A typical exercise is to exhib a function that is integrable but which doesn’t tend to $0$ as $x \to \infty$. An example we always see is the function that has bigger and bigger picks but of smaller width.
Now one question we could ask is : is all the integrable functions that doesn’t tend to $0$ have the same shape as the one described above.
That’s why I was wondering if the following is true. Let $f: \mathbb{R^+} \to \mathbb{R}$ be an integrable function (ie. $\int_{R^+} \mid f \mid \in \mathbb{R}$) and such that :
$$\lim_{x \to \infty} f(x) \ne 0$$
Then does it mean there exist a stricly increasing sequence $(x_n)_{n \in \mathbb{N}} \in \mathbb{R}^{\mathbb{N}}$ such that the sequence :
$$(f(x_n))_{n \in \mathbb{N}} \text{ is unbounded}$$ ?
Edit : There are plenty of trivial example when $f$ is not continuous (see the comments and Richard’s answer).
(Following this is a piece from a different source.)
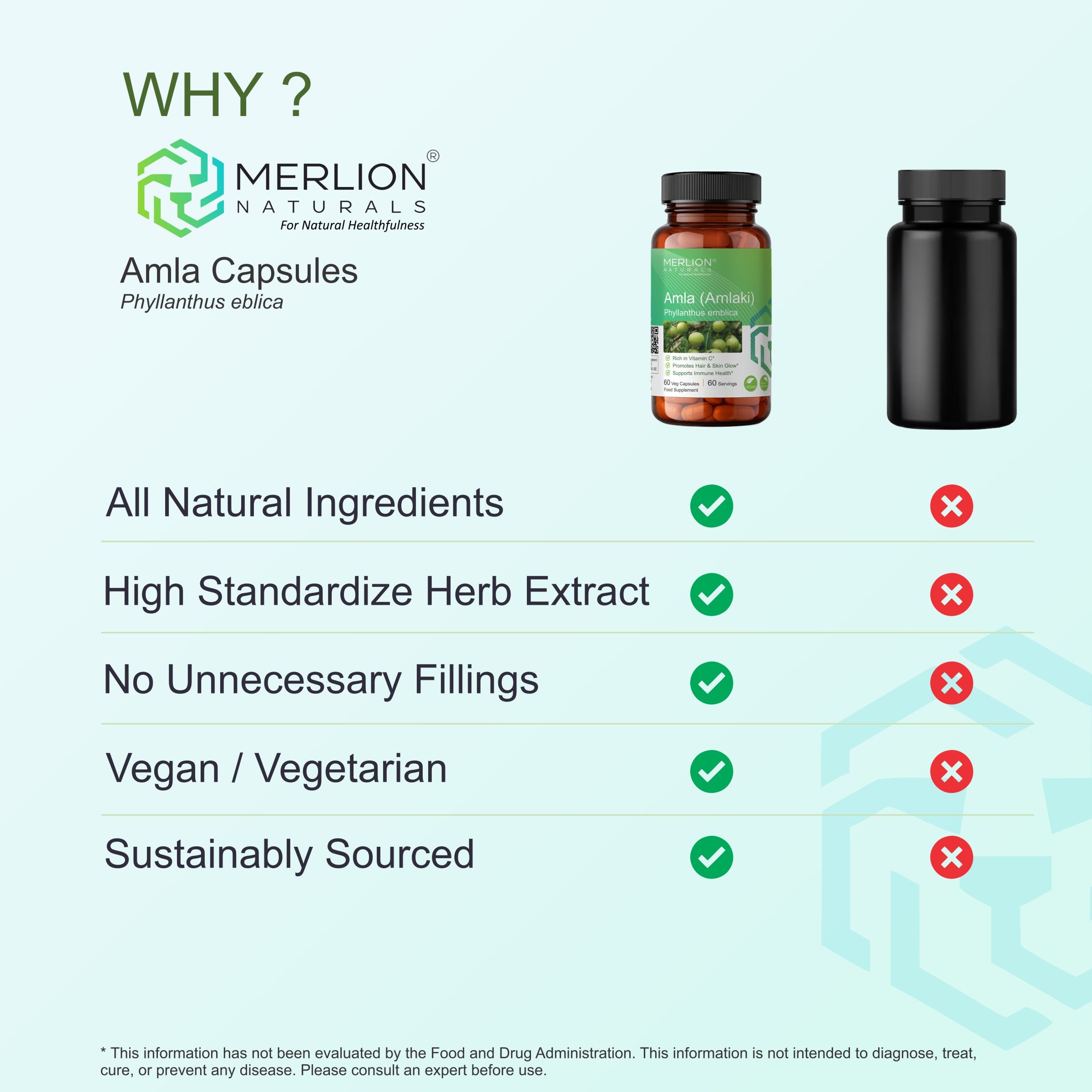 Amla Extract Capsules | Phyllanthus emblica / Indian gooseberry | 600mg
That’s why I just want to restate the question and ask if this is true when $f$ is continuous ?
Best Answer
Function $\mathbf1_{\mathbb N}$ is integrable and takes care of a counterexample if no continuity is demanded.
If continuity is demanded then for every $n\in\mathbb N$ a nonnegative continuous function $f_n$ can be constructed that takes maximum $1$ in $n$, is $0$ outside $(n-\frac12,n+\frac12)$ and satisfies $\int f_n(x)dx\leq n^{-2}$.
Then evidently the $\sum_nf_n$ is a counterexample.